┌─ THE DATA

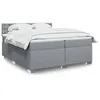 Image de vidaXL Sommier à lattes de lit avec matelas Gris clair 200x200cm Tissu, lit, lit à plate-forme, lit à panneaux 3286009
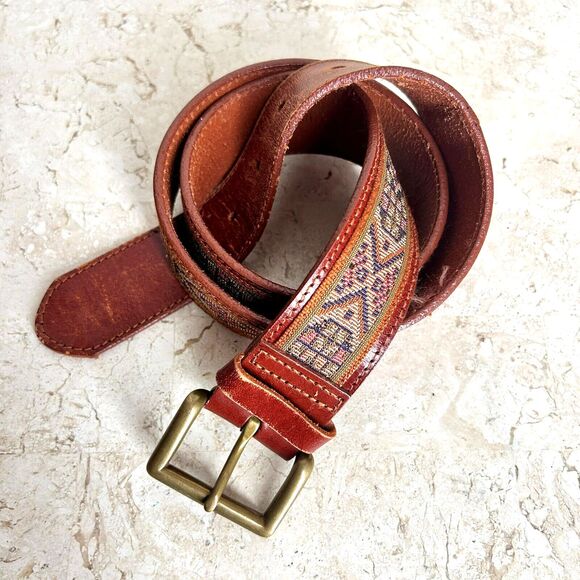 Tapestry Brown Leather Belt Womens Size L Geometric Aztec Indian Brass Buckle - Picture 2 of 8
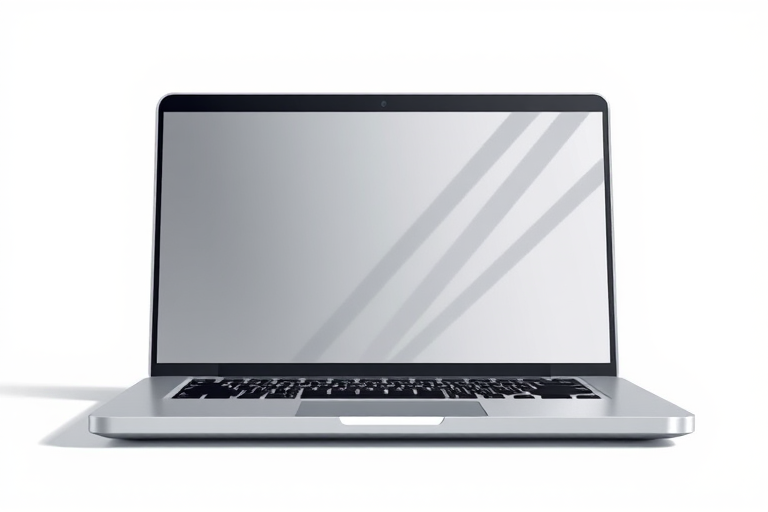 Generate a detailed vector illustration of a silver laptop from a slightly elevated angle with reflections on the screen, using a 50mm lens, f/8 aperture, and a softbox lighting setup, in a digital illustration style.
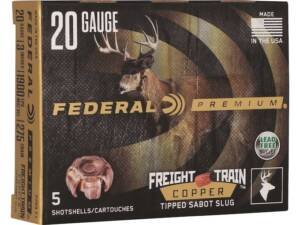 Federal Premium Freight Train 20 Gauge Copper Tipped Sabot Slug Ammo Lead Free box of 300 rounds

└─

__ASSIGNED TASK__:
Write out the material exactly, excluding pictures.

__RESPONSE BOX__:
 Image de vidaXL Sommier à lattes de lit avec matelas Gris clair 200x200cm Tissu, lit, lit à plate-forme, lit à panneaux 3286009
 Tapestry Brown Leather Belt Womens Size L Geometric Aztec Indian Brass Buckle - Picture 2 of 8
 Generate a detailed vector illustration of a silver laptop from a slightly elevated angle with reflections on the screen, using a 50mm lens, f/8 aperture, and a softbox lighting setup, in a digital illustration style.
 Federal Premium Freight Train 20 Gauge Copper Tipped Sabot Slug Ammo Lead Free box of 300 rounds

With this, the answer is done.